My own personal booth is made of canvass, but I don’t use it much in recent years because I am usually invited to the homes of friends and children, and travel around on this holiday. I love the booths. I like visiting those of friends. And I like tents too. I have loved them all my life. In my eyes there is something very romantic about residing in a tent… especially in nature. But there is something surreal about moving out of the home and into the booth on this holiday of ours. And though this is the season when the rains start, it is our practice to make a loose roof, of branches, or canes, through which one can see the stars.
Aside from the booths, the holiday is also identified with the four species (see picture). These four species are held in one’s hands, and blessings are said over them, either in the booths or in the synagogue, and especially when singing favorite passages from the psalms. The four species are these: a ripe, green, closed frond from a date palm tree; boughs with leaves from the myrtle tree; branches with leaves from the willow tree; and the fruit of a citron tree, much loved and native to Israel. It is a little like a lemon, but more beautiful in my opinion, with a very unique and pleasant smell. It is well known as an etrog in Hebrew, and not often encountered outside of our country. What I like most about the citron, is that they grow in the direction of the sky, and do not hang down from the branches like most fruit.
The four species are considered symbolic of the Jewish people, and when we bless or pray holding them together in our hands, we are symbolically tying ourselves to our people despite our differences. The palm frond from the date tree represents the fruit that is sweet but has no smell, representing those people who study, but do not practice good deeds. The myrtle which has fragrance but no taste are thought to represent those who have good deeds but are not educated. The willow is thought not to have taste nor smell, and they represent those who are neither educated nor practice good deeds. And the citron which has a good taste and a good smell is thought to represent those who are educated and also have good deeds as well.
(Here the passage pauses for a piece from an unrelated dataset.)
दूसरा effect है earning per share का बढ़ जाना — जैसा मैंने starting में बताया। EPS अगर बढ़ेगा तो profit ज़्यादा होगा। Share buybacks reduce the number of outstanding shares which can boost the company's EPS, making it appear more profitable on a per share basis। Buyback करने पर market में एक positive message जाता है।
There are many other explanations and stories relating to the four species. And they are very important to our holiday. We are reminded by our moving from our homes into temporary booths that no matter how beautiful and solid our home might be, all of life is a temporary existence, and not to get carried away by materialist possessions. We are reminded not to take things for granted, for we have been strong, and we have been weak… and we are reminded that there are consequences to our choices.
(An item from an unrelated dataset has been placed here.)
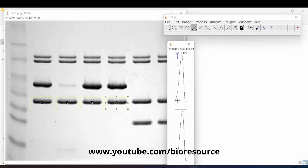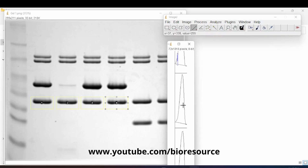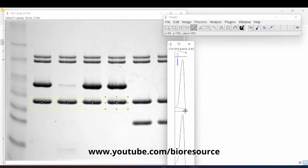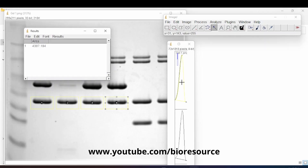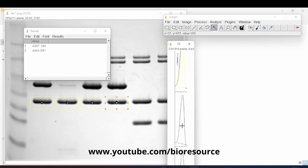Using the wand tool, mark the area under each peak — do this for each band's plot. Make sure you close all the plot windows when done. Then, using the selection tool, click on each peak region and you will get the area value displayed for each of the peaks.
Yet most important is the happiness of the holiday. For we are instructed in our holy bible to be happy on this holiday; the only holiday in the year in which that is specifically asked of us. And at the end of the holiday, we have a huge party in which we celebrate the conclusion of the reading of the five books of Moses, and immediately afterwards, start the reading once again. This celebration is a great and wonderful one, in which we actually dance with the scrolls of the bible written on parchment. But that is actually another holiday… and another story.